Virginie Lemoine a sorti de leur littérature des personnages saisis dans un état de latence, à ce moment tremblé où entre l’impossibilité et le désir, la vie commence à se débattre. En 1941, l’occupation allemande grignote les villages français et le vainqueur s’installe chez le vaincu. « Suite française » est un huis clos où les solitudes coïncident. Dans cet étouffoir qui est aussi un éteignoir, il y a ces vies croisées qui ne parviennent pas à se rencontrer.

Lucile, dont le mari est prisonnier de guerre, vibre d’un appel de vie, prisonnière elle aussi près de sa belle-mère, enchaînée avec elle à l’absence. Comment se délivrer de l’absent ?

Madame Angellier a un désir d’hier, d’un hier identique, transposé dans un présent proche et dans le temps suspendu de l’attente, elle vit aussi en suspens. Bruno von Falk, l’intrus allemand, perturbe cette immobilité douloureuse avec à rebours un désir de pénétrer. Musicien arraché à la musique, époux arraché au foyer par la mobilisation, il a besoin d’entrer dans la vie. Autour de ces âmes tragiques, et selon le modèle aristotélicien, il y a les petites gens, plus épais, plus ancrés.

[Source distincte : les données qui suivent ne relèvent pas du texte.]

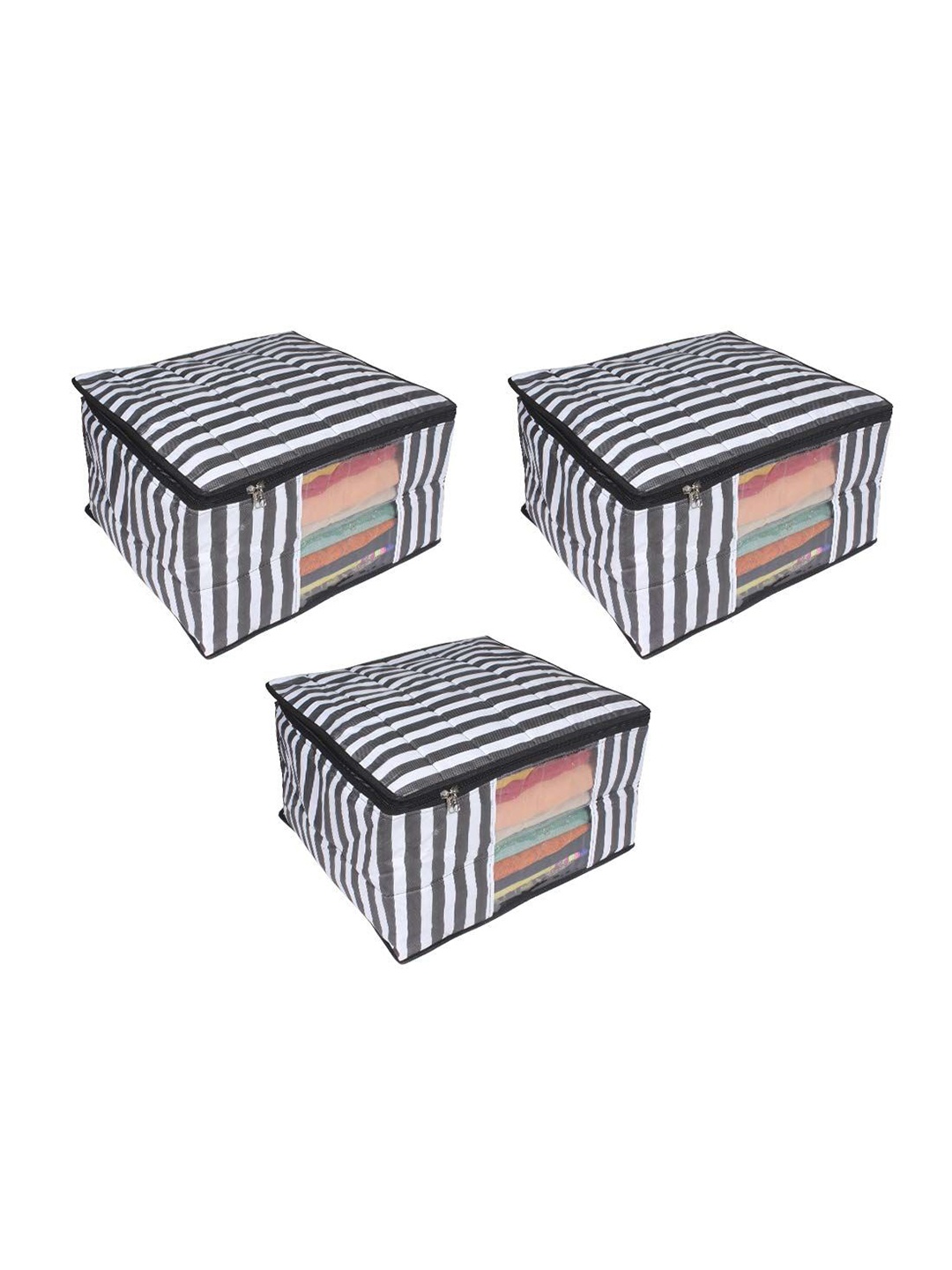 

prettykrafts Black 3 Pieces Reusable Multi-Utility Organisers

Virginie Lemoine et Stéphane Laporte signent une adaptation du roman d’Irène Némirovsky sans faux raccord, rythmée et intelligente : à la complicité qui les lie, s’entretisse celle qu’ils ont nouée avec la romancière.

Tout est réussi. La distribution est prometteuse, et tient ses promesses ; les décors de Grégoire Lemoine sont délicieux ; les compositions musicales de Stéphane Corbin, tout à fait charmantes ; les costumes de Christine Chauvey, remarquables –ces robes !, et rehaussés par le bon goût de Christophe Nicolas qui arrange brillamment la coiffure de Florence Pernel (Lucile). On ne présente plus cette dernière, petit, grand écran, on sait sa grâce moderne, sa féminité forte, courageuse, élancée ; et puis, ce qui ne gâche rien, sa beauté sans âge (c’est-à-dire sans époque). Béatrice Agenin (Madame Angellier) a cette sorte de gloire qu’ont dans le jeu les grandes comédiennes. Samuel Glaumé (Bruno von Valk) joue avec conviction : c’est beau de voir un comédien aimer son texte.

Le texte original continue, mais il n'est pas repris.